---------- DATA EXTRACTS
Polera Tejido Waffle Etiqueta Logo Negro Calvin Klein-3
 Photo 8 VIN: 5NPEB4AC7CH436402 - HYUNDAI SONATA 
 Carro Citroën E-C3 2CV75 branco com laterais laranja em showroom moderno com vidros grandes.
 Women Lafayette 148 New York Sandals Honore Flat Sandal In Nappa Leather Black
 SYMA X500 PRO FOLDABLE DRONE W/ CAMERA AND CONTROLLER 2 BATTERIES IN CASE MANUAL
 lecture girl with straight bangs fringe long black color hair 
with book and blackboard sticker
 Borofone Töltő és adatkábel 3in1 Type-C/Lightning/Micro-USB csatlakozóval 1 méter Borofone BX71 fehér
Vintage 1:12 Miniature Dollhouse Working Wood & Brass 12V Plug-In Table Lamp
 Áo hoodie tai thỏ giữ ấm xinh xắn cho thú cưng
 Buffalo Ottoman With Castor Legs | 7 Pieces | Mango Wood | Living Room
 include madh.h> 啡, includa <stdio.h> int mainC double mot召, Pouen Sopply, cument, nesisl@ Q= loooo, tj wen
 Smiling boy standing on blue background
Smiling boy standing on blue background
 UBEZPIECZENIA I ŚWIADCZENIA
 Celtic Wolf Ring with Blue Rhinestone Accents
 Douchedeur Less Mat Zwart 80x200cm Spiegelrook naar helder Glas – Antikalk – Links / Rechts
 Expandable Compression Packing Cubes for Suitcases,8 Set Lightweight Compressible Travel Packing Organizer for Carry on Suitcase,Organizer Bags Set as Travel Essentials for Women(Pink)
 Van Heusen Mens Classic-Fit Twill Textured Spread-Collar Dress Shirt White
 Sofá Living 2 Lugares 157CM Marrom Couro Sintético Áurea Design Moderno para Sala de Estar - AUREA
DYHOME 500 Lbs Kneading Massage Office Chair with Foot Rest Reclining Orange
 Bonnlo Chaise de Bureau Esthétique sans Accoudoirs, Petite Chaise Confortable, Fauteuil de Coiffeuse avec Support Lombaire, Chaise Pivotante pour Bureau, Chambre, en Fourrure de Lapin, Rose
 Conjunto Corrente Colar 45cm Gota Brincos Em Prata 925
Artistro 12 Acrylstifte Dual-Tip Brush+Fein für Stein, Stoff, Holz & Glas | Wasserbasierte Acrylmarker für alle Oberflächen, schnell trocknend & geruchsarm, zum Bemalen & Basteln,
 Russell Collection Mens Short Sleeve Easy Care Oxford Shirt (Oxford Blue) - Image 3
--------------------
DIRECTIONS FOR THIS TASK: In full and exactly as written, repeat the data.

EXPECTED OUTPUT:
Polera Tejido Waffle Etiqueta Logo Negro Calvin Klein-3
 Photo 8 VIN: 5NPEB4AC7CH436402 - HYUNDAI SONATA 
 Carro Citroën E-C3 2CV75 branco com laterais laranja em showroom moderno com vidros grandes.
 Women Lafayette 148 New York Sandals Honore Flat Sandal In Nappa Leather Black
 SYMA X500 PRO FOLDABLE DRONE W/ CAMERA AND CONTROLLER 2 BATTERIES IN CASE MANUAL
 lecture girl with straight bangs fringe long black color hair 
with book and blackboard sticker
 Borofone Töltő és adatkábel 3in1 Type-C/Lightning/Micro-USB csatlakozóval 1 méter Borofone BX71 fehér
Vintage 1:12 Miniature Dollhouse Working Wood & Brass 12V Plug-In Table Lamp
 Áo hoodie tai thỏ giữ ấm xinh xắn cho thú cưng
 Buffalo Ottoman With Castor Legs | 7 Pieces | Mango Wood | Living Room
 include madh.h> 啡, includa <stdio.h> int mainC double mot召, Pouen Sopply, cument, nesisl@ Q= loooo, tj wen
 Smiling boy standing on blue background
Smiling boy standing on blue background
 UBEZPIECZENIA I ŚWIADCZENIA
 Celtic Wolf Ring with Blue Rhinestone Accents
 Douchedeur Less Mat Zwart 80x200cm Spiegelrook naar helder Glas – Antikalk – Links / Rechts
 Expandable Compression Packing Cubes for Suitcases,8 Set Lightweight Compressible Travel Packing Organizer for Carry on Suitcase,Organizer Bags Set as Travel Essentials for Women(Pink)
 Van Heusen Mens Classic-Fit Twill Textured Spread-Collar Dress Shirt White
 Sofá Living 2 Lugares 157CM Marrom Couro Sintético Áurea Design Moderno para Sala de Estar - AUREA
DYHOME 500 Lbs Kneading Massage Office Chair with Foot Rest Reclining Orange
 Bonnlo Chaise de Bureau Esthétique sans Accoudoirs, Petite Chaise Confortable, Fauteuil de Coiffeuse avec Support Lombaire, Chaise Pivotante pour Bureau, Chambre, en Fourrure de Lapin, Rose
 Conjunto Corrente Colar 45cm Gota Brincos Em Prata 925
Artistro 12 Acrylstifte Dual-Tip Brush+Fein für Stein, Stoff, Holz & Glas | Wasserbasierte Acrylmarker für alle Oberflächen, schnell trocknend & geruchsarm, zum Bemalen & Basteln,
 Russell Collection Mens Short Sleeve Easy Care Oxford Shirt (Oxford Blue) - Image 3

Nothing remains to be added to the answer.